I would like to ask you about detailed information on instruction decoding the way processor does it. I know all about several fields of an instruction and how they interact with each other. However, I would like to know how the processor does the job by itself (I'm sure it must be an efficent algorithm somehow depend on certain bits of the instruction). For example: Its easy to get the prefix and the opcode itself, but its not as clear with the ModR/M byte. In your manual we can read that opcode defines the existance of ModR/M byte. I know that similar behavior is about ModR/M and SIB (if we have MRM we can calculate whether SIB exists or not). Thats the point of my question - is there a way to guess if there is a ModR/M byte following the opcode without using pre-defined table of opcodes that uses it or not? Same think about displacement and immediate - I know when those fields are used but how can it be done most efficently? (as the decoding unit does it itself, I guess) Please provide me with this information along with detailed description of algorithm used by the decoding unit (if possible). Thank you.

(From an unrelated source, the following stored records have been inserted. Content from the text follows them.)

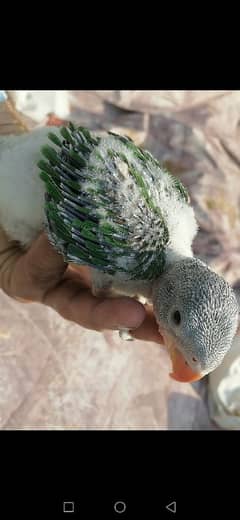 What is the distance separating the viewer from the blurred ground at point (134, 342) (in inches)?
49.6

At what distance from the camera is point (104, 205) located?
0.65m

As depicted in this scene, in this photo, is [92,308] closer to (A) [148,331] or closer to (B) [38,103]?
(A) [148,331]

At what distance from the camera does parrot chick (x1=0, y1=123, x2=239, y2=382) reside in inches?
25.1

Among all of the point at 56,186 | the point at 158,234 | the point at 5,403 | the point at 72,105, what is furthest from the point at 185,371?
the point at 72,105

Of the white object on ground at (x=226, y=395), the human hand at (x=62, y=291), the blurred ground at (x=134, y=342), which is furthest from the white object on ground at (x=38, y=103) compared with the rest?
the white object on ground at (x=226, y=395)

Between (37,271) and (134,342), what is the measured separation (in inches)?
32.0

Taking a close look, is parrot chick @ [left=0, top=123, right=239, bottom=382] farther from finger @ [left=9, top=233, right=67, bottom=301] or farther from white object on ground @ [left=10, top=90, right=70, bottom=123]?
white object on ground @ [left=10, top=90, right=70, bottom=123]

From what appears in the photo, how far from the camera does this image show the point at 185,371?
2.17 feet

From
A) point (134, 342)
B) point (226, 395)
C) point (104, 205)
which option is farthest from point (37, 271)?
point (226, 395)

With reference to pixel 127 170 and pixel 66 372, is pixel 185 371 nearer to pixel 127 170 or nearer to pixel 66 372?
pixel 127 170

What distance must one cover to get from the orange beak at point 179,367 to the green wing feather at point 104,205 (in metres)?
0.11

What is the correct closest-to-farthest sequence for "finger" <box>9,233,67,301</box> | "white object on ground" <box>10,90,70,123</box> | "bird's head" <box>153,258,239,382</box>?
1. "bird's head" <box>153,258,239,382</box>
2. "finger" <box>9,233,67,301</box>
3. "white object on ground" <box>10,90,70,123</box>

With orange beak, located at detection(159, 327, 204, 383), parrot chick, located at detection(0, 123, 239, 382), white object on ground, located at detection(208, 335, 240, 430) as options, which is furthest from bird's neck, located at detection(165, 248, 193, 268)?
white object on ground, located at detection(208, 335, 240, 430)

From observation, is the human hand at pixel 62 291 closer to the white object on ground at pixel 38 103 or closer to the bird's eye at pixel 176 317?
the bird's eye at pixel 176 317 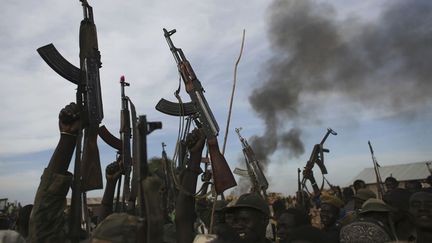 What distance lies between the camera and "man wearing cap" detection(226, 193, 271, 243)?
11.2ft

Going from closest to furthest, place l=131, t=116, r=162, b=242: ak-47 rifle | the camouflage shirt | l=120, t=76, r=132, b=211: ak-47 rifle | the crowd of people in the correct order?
l=131, t=116, r=162, b=242: ak-47 rifle, the crowd of people, the camouflage shirt, l=120, t=76, r=132, b=211: ak-47 rifle

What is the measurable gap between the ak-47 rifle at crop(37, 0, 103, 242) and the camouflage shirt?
1.35 ft

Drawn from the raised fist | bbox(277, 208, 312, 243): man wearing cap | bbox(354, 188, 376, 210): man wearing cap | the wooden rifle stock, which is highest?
the raised fist

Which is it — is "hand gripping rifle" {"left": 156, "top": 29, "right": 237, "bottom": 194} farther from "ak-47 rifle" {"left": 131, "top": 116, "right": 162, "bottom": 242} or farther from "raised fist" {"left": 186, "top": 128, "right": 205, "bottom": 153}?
"ak-47 rifle" {"left": 131, "top": 116, "right": 162, "bottom": 242}

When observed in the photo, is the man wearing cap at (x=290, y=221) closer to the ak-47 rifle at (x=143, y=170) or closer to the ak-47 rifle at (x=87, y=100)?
the ak-47 rifle at (x=87, y=100)

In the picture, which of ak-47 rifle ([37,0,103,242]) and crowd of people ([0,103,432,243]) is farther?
ak-47 rifle ([37,0,103,242])

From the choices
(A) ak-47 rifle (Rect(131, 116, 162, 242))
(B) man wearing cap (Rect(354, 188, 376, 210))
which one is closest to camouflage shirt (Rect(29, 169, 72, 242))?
(A) ak-47 rifle (Rect(131, 116, 162, 242))

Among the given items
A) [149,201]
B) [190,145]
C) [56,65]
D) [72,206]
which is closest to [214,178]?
[190,145]

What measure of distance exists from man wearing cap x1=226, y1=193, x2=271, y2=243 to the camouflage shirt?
1.42m

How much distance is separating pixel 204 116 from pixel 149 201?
11.1 feet

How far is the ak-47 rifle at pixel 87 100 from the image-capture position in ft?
12.0

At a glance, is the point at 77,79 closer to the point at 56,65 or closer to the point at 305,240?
the point at 56,65

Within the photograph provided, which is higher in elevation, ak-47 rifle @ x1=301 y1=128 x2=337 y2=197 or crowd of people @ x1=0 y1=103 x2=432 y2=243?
ak-47 rifle @ x1=301 y1=128 x2=337 y2=197

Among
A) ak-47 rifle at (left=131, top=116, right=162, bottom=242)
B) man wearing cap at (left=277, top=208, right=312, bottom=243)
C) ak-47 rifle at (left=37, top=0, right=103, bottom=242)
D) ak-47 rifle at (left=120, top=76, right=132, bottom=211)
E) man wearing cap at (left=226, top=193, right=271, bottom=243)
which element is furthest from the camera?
ak-47 rifle at (left=120, top=76, right=132, bottom=211) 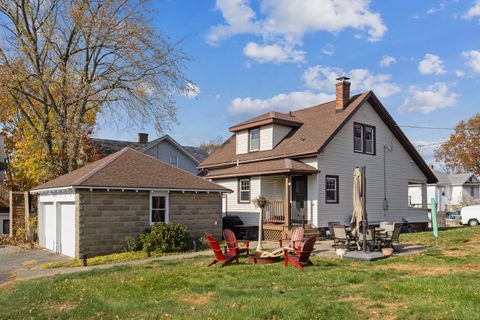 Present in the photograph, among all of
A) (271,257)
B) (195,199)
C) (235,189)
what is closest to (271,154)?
(235,189)

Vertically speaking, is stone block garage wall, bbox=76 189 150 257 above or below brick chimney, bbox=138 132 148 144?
below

I've done something like that several years ago: x86 Decoder. I literally took a piece of squared paper, and in a 16x16 matrix representing each opcode I colored each square for opcodes that require a specific decoding. This revealed patterns that make it relatively easy to use binary logic to determine the decoding format of each instruction.
I believe my code is smaller than using tables, but not entirely optimal yet. Also, when translated to hardware each of the tests really just looks at a few bits so it could be quite compact.
Here's a document that reveals some details: An Asynchronous Instruction Length Decoder. There's also tons of information in patents if you really want to get to the bottom of it...
But since you mentioned working on a disassembler you might also be interested in this: Efficient Software Decoder Design.